Greta Gerwig makes a great entrance, as Brooke comes down a flight of steps to meet Tracy for the first time, in Times Square.  You smile at this first sight of Gerwig’s exuberant awkwardness (and at first hearing of Brooke too, on the other end of Tracy’s phone).  She kept me smiling for a good few minutes but Mistress America is excessively dependent on her charm and skill and, although neither is in doubt, Gerwig isn’t showing much here that she hasn’t shown before.   I laughed only once:  when Brooke gets angry with Tracy for using her as short story material, Tracy says that’s what writers do and asks what Tennessee Williams would have amounted to if he’d not  done the same, and Brooke yells, ‘I don’t give a shit – Tennessee Williams isn’t my friend!’   (Tracy’s short story is called ‘Mistress America’, referring to a super-heroine dreamed up by Brooke, not her.)  Brooke’s outburst is by far the best moment in an overlong sequence at the spectacular Connecticut home of her former boyfriend Dylan (Michael Chernus) and Mamie-Claire (Heather Lind), his new partner.   Mamie-Claire stole, as well as Dylan, Brooke’s two cats and the commercial idea that’s paid for the spectacular house.  Brooke has come to ask Dylan for money to start up a restaurant (her subsequent boyfriend has deserted her and this enterprise) and the showdown in Connecticut involves several other people:  Tony (Matthew Shear), Tracy’s fellow freshman who also writes fiction and who’s chauffeured her and Brooke to Dylan’s; Tony’s pathologically possessive girlfriend (Jasmine Cephas Jones), who has just that one characteristic; Karen (Cindy Cheung), a lawyer friend of Mamie-Claire; and a disgruntled neighbour (Dean Wareham).   This plays like one of those scenes in the theatre when a writer has contrived to get virtually the whole cast together but isn’t sure what to do next, and has to keep giving everyone the odd line to justify their presence on stage.
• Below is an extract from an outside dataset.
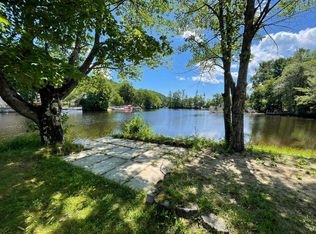 19 Sonny Ave, Goffstown, NH 03045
As you’d expect, Baumbach and Gerwig have written plenty of smart dialogue and the players are never less than proficient.  (I liked the actor – uncredited on the IMDB listing – who plays Brooke’s neighbour Karim, with a graceful deadpan humour.)  But Mistress America is thin and has an acrid flavour that reminded me more of Margot at the Wedding than of any of Baumbach’s three intervening films.  Exploiting a personal relationship for creative writing purposes is obviously a theme of Margot too; the forthcoming wedding that sets the story running doesn’t happen in Mistress America either.  The marriage between Tracy’s mother (Kathryn Erbe) and Brooke’s (unseen) father is just a mechanism to get Brooke and Tracy together – nothing in their interactions conveys a sense of what either one feels about the prospect of a lifelong familial relationship.  The tone of Tracy’s final voiceover is elegiac; she suggests that zany, romantic individuals like Brooke are a dying breed.  It’s hard to see how Tracy knows this and odd that she’s nostalgic for a type of person she’s experienced only in Brooke but perhaps it’s the (artificial?) narrative voice of Tracy the writer, rather than the voice of Tracy the character, that we’re hearing.   The trailer for Mistress America is to be thoroughly recommended.  Unfortunately, it contains most of the best bits of a disappointing film.